--- Input data Enclosed Below ---
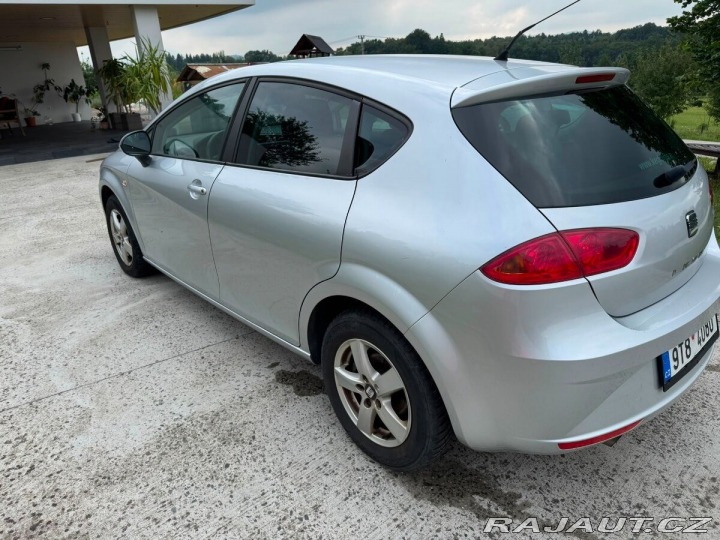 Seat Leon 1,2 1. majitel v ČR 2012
--- End of Enclosed Input data ---
--- Input data Enclosed Below ---
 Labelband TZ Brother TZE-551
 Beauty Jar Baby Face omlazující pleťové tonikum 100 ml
--- End of Enclosed Input data ---
Exercise description. Output exactly one stretch of the listing: from the line containing "Labelband TZ Brother TZE-551" through the line containing "Beauty Jar Baby", both end lines included.

Task response.
 Labelband TZ Brother TZE-551
 Beauty Jar Baby Face omlazující pleťové tonikum 100 ml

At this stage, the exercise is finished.